Environmental Health

For science.

The air we breathe, the water we drink, the food we eat and the condition of our homes all affect our health.[1] Exposure to air pollution worsens serious respiratory conditions such as asthma,[2] and millions of Americans are at risk for unsafe drinking water.[3] Communities of color often face greater community health risks —  such as poorer air quality[4] —  and fewer health-boosting opportunities — such as safe places to walk[5] — than their white counterparts. Climate change, which is already seriously affecting people’s health and well-being,[6] causes more frequent and extreme natural disasters, such as hurricanes, flooding and drought. It degrades food security and water and air quality and heightens the risks of vector-borne diseases, such as West Nile virus and Lyme disease. Like so many health threats, climate change also disproportionately affects already-vulnerable populations, such as the elderly, young children, people living in poverty and people with chronic diseases.

For action.

Advocate for increased funding to improve our water infrastructure.
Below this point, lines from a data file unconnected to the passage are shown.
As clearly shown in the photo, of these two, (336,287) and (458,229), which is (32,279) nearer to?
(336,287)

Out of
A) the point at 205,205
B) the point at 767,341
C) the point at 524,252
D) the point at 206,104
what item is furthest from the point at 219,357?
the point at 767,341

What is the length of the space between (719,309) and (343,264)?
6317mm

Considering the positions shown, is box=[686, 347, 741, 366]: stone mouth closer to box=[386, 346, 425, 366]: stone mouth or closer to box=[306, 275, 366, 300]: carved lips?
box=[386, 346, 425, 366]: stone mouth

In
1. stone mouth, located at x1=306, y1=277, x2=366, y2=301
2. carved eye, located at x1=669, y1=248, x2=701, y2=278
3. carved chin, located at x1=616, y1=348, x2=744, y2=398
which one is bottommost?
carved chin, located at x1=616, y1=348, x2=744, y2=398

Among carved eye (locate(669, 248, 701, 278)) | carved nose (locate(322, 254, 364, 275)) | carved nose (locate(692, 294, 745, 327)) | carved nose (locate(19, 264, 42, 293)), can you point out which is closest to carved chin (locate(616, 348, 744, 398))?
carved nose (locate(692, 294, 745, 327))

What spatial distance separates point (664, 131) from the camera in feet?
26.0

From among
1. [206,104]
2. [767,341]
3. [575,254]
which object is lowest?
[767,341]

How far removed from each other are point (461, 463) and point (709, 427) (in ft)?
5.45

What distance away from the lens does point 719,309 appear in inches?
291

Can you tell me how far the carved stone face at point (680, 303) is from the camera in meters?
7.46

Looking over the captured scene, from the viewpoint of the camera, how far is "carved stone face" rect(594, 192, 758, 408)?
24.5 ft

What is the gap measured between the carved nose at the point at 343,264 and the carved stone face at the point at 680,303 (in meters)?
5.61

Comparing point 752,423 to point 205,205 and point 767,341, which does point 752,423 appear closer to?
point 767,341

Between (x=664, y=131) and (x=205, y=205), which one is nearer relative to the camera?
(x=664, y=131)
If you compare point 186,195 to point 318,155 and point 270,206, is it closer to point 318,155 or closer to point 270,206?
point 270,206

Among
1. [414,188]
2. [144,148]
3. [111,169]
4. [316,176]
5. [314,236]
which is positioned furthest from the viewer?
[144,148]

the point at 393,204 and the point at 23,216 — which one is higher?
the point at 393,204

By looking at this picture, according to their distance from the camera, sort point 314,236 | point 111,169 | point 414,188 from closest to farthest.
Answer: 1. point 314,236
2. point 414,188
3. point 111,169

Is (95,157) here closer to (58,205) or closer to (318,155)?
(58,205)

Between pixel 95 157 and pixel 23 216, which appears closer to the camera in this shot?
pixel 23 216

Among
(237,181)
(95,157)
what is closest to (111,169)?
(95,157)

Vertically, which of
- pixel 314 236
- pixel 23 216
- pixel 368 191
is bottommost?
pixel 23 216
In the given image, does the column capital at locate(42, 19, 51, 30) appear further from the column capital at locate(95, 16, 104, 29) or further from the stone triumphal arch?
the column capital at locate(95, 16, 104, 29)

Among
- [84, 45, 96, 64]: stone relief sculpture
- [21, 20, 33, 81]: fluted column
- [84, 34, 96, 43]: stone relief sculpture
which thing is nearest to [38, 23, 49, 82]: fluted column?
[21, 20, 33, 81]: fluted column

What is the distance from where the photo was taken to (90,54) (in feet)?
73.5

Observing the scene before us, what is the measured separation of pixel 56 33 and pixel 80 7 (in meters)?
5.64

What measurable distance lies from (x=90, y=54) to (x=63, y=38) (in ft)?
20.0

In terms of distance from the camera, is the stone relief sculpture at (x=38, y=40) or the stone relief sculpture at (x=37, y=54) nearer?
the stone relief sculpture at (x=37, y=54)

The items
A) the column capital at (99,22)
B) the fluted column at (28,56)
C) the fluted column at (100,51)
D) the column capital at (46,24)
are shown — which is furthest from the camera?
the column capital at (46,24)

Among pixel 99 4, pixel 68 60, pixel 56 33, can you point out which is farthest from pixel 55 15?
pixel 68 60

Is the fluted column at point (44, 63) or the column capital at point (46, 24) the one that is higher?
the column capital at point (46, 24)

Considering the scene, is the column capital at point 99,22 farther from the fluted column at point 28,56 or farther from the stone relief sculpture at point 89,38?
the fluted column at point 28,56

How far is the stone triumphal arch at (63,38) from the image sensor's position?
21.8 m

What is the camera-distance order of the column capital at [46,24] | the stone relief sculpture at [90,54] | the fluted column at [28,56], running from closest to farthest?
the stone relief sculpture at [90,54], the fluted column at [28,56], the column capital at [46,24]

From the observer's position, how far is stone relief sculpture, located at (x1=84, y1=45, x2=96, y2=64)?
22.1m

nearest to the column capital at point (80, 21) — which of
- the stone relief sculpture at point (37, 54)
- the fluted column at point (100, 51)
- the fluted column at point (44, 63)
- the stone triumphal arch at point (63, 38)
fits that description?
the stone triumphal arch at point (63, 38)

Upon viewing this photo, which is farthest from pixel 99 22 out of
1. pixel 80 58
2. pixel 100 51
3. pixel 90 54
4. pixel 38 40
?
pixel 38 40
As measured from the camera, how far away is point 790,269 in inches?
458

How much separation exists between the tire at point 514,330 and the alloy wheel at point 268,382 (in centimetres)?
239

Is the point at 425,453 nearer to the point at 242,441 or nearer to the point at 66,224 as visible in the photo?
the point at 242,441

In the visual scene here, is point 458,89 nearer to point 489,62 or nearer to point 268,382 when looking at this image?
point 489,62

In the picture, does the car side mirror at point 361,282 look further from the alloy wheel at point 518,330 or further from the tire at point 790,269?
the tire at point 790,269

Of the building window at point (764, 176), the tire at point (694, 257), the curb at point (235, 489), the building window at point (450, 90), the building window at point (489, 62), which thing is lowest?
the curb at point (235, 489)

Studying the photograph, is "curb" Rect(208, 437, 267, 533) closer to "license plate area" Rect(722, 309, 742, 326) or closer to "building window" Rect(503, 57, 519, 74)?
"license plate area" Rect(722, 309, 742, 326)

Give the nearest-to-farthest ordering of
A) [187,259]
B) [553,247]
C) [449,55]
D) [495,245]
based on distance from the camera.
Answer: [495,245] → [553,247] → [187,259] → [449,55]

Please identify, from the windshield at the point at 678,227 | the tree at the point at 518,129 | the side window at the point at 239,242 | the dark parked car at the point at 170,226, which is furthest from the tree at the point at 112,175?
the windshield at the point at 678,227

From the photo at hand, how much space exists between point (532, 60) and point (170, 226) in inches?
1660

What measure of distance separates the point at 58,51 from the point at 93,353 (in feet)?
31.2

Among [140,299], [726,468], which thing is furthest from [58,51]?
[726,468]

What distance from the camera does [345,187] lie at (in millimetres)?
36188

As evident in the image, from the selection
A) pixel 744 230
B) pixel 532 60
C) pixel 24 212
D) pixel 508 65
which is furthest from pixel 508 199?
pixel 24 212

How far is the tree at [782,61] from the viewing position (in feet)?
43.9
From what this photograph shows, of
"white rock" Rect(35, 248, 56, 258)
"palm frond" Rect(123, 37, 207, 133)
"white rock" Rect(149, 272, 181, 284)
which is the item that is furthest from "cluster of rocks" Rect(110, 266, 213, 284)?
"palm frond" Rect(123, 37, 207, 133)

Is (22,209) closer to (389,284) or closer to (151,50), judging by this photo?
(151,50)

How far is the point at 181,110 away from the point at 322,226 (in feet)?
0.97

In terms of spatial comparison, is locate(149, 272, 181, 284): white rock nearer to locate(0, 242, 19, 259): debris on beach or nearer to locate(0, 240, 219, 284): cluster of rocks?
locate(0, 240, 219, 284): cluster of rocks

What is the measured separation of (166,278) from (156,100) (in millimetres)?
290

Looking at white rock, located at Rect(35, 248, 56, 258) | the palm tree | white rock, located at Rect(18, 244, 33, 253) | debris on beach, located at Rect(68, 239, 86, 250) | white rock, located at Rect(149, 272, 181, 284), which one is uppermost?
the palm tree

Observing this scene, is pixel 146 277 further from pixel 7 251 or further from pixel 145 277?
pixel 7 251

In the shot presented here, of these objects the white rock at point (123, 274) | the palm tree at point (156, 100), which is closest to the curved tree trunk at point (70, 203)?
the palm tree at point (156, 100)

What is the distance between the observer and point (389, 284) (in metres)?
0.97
Maintaining today's water service levels will cost an estimated $1 trillion over the next 25 years.[3] Call for adequate funding to support public health workers in monitoring, preparing for and responding to the health effects of climate change. Support policies that help mitigate and prevent worsening climate change, such as rules that reduce greenhouse gas emissions and partnerships that reduce people’s reliance on cars. Taking these and similar steps can have positive co-benefits for health, such as improving air quality and encouraging active commuting. Invest in communities most impacted by climate change and center their voices in decisionmaking on climate and health actions.[7] Enhance data-sharing systems to help improve communication between federal, state and local environmental health stakeholders.[8] Meet with community members to identify resources, needs and environmental health priorities.[9]

For health.

Every dollar spent on national- and state-level environmental health programs saves $71 in asthma-related expenditures.[10] Health departments across the country are already busy preparing for the impacts of climate change, many of them participating in CDC’s Climate-Ready States and Cities Initiative[11] and embracing CDC’s five-step Building Resilience Against Climate Effects framework.[12] Health departments using the BRACE framework have reported a variety of success stories,[13] such as launching new vulnerability assessments and collaborating across sectors to reduce emissions. Addressing climate change also comes with new opportunities to save lives and improve health. Research shows smart federal and state policy can have big effects. For instance, federal officials estimate[14] reducing power plant emissions could prevent thousands of premature deaths and provide billions of dollars in public health benefits.

For justice.

Communities of color and low-income populations disproportionately bear the brunt of environmental issues. Examples are lead contamination in Flint, Michigan, coastal flooding community displacement, and the locations of waste management facilities.[15] The health burden from air pollution is 54% higher for black Americans than the overall population. Communities of color have a 28% higher health burden than the overall population.[10] Equitable solutions for environmental issues include ensuring access to clean air, water and green spaces.